I hope you find the information you need in order to make the best decision for you and your family.


There's a good book called "The Attachment Parenting Book" by Wm. Sears MD and there is a group called Attachment Parenting International who has a blog and articles on all aspects of Attachment Parenting as well as local support groups. You can Google their site, get their newsletter or contact them for advice.

LLL (La Leche League) also offers a wealth of information on the subject of co-sleeping and getting sleep yourself. I raised eight children using Attachment Parenting which involves co-sleeping and breastfeeding and I taught Attachment Parenting in my Childbirth Classes for thirty-three years. It was my experience that it was the absolute easiest way for a lazy mom like me to simply enjoy my kids and respect them as equal human beings while keeping them safely near me at all times while their bodies grow.

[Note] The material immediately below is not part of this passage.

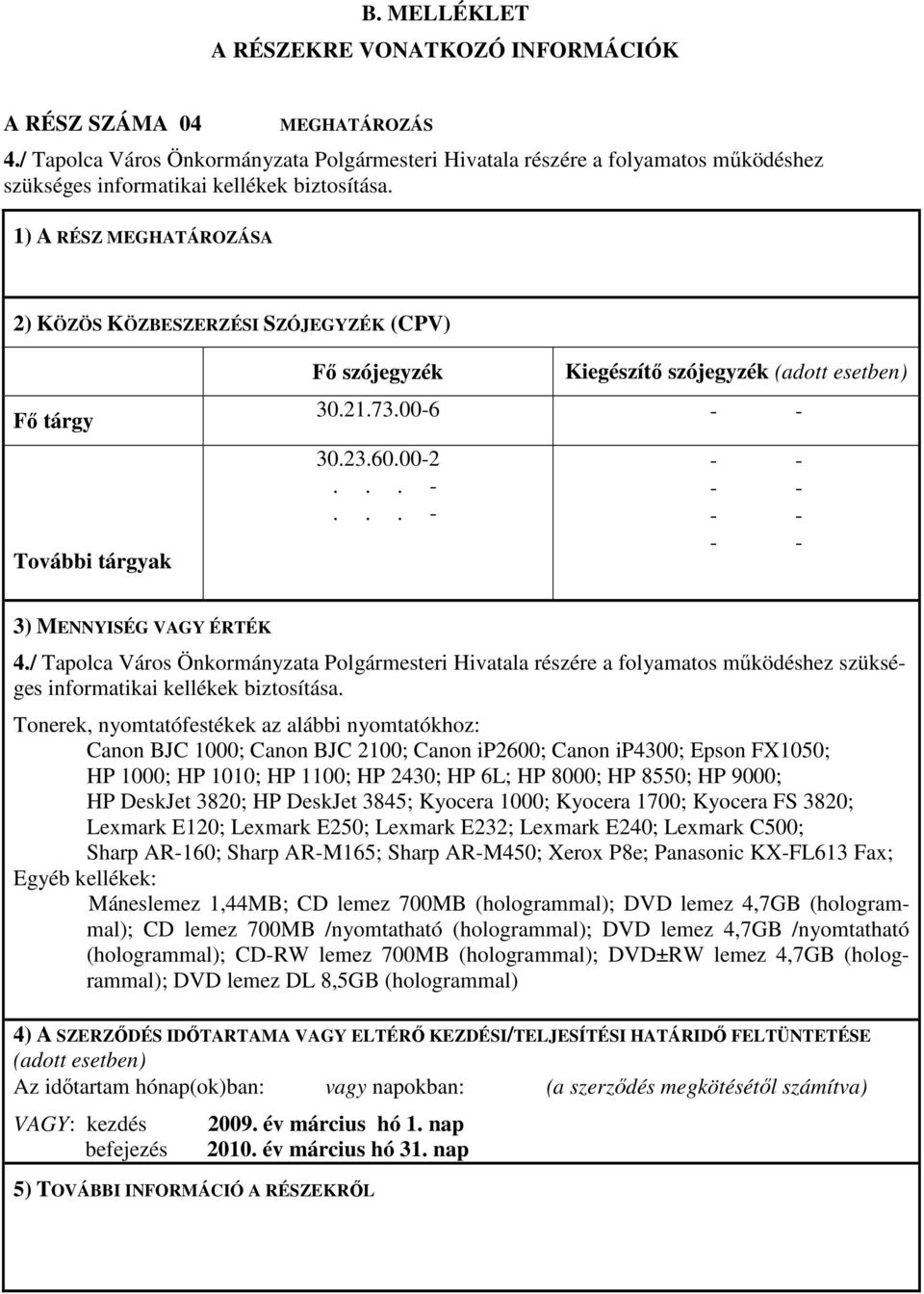 1) A RÉSZ MEGHATÁROZÁSA 2) KÖZÖS KÖZBESZERZÉSI SZÓJEGYZÉK (CPV) Fı tárgy További tárgyak Fı szójegyzék Kiegészítı szójegyzék (adott esetben) 30.21.73.00-6 30.23.60.00-2 3) MENNYISÉG VAGY ÉRTÉK 4.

Good luck and well done looking for an answer and not just sticking your child down the hall in a room. Remember they call SIDS "crib death" for a reason. It only happens when the baby is alone in a crib. If they can't hear your breathing and heartbeat for a reference then they can actually forget to breathe.


I have a two year old and an eight week old and am nursing both of them. I’ve found that the better I eat, the better they sleep. Also, I am taking this amazing oxygenic B vitamin by Nutri * Spec. It's awesome and has really helped.